Page:Ivoi - La Mort de l’Aigle.djvu/291

Le texte de cette page a été corrigé et est conforme au fac-similé.

Espérat, la perche, le bateau se rapprochèrent de quelques centimètres.

— Bravo, fit encore Bobèche, l’appareil fonctionne ; continuons… Nous demanderons le monopole à l’Empereur… Navigation sur terre ; cela fera fureur, il y a si longtemps que les bateaux vont sur l’eau.

Il recommença.

L’attention des Prussiens n’avait pas encore été attirée. De temps à autre, une salve de coups de fusils partait de l’une ou de l’autre rive. Les balles passaient en volées sifflantes dans le taillis, mais rien n’indiquait que la barque « et ses accessoires » (ainsi le pitre désignait l’ensemble formé par la perche et son compagnon) fussent le point de mire des tireurs.

Milhuitcent était à présent sous le couvert, auprès du comédien ; l’embarcation, à demi hors de l’eau, appuyait son avant sur la grève avec la silhouette d’un cétacé échoué.

Le gamin se dressa sur ses pieds :

— Un effort sérieux, dit-il, il s’agit d’amener le canot dans le fourré, sans laisser à ces Prussiens le temps de l’avarier.

Et tous deux s’attelant à l’extrémité de la gaffe, s’élancèrent en avant.

Un long grincement de la quille glissant sur le sable, des exclamations sur les berges, puis une tempête de détonations, se produisirent.

— Trop tard, s’écria Milhuitcent… nous avons réussi.

Puis se rejetant à terre :

— Fais comme moi, Bobèche… et ne bougeons pas. Ils vont se figurer que nous traversons l’île et tireront en avant de nous.

En effet, la fusillade continua à crépiter, mais les projectiles n’arrivaient pas à l’endroit où les fugitifs se tenaient immobiles.

L’enfant avait pressenti le raisonnement des ennemis.

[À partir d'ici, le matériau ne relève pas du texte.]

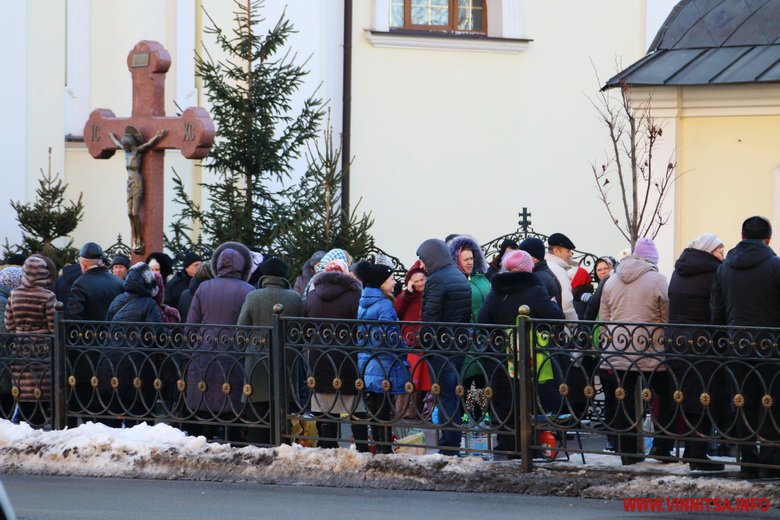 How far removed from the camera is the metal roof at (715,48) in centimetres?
1376

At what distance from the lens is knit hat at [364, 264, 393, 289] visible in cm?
995

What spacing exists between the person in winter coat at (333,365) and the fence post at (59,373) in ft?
5.82

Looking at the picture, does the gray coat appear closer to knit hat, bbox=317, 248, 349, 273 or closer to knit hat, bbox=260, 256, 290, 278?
knit hat, bbox=260, 256, 290, 278

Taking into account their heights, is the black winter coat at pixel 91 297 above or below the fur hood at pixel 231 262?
below

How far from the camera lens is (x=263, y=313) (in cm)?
999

Peu à peu cependant les coups de feu s’espacèrent, se firent rares. Les soldats se lassaient de tirer sur l’îlot boisé, où il leur était impossible de juger de l’effet de leur mousqueterie.

La lune, qui à ce moment ne faisait qu’une courte apparition au-dessus de l’horizon, parcourait sa courbe descendante. Espérat la montra à son ami :

— Quand elle sera couchée, nous nous lèverons.

— Compris.

Et tous deux demeurèrent cois, les yeux fixés sur le disque argenté se mouvant avec lenteur dans le ciel parsemé d’étoiles.

Mais bientôt Bobèche s’agita en grommelant :

— Je gèle ici.

— Il gèle aussi ailleurs, riposta le jeune garçon.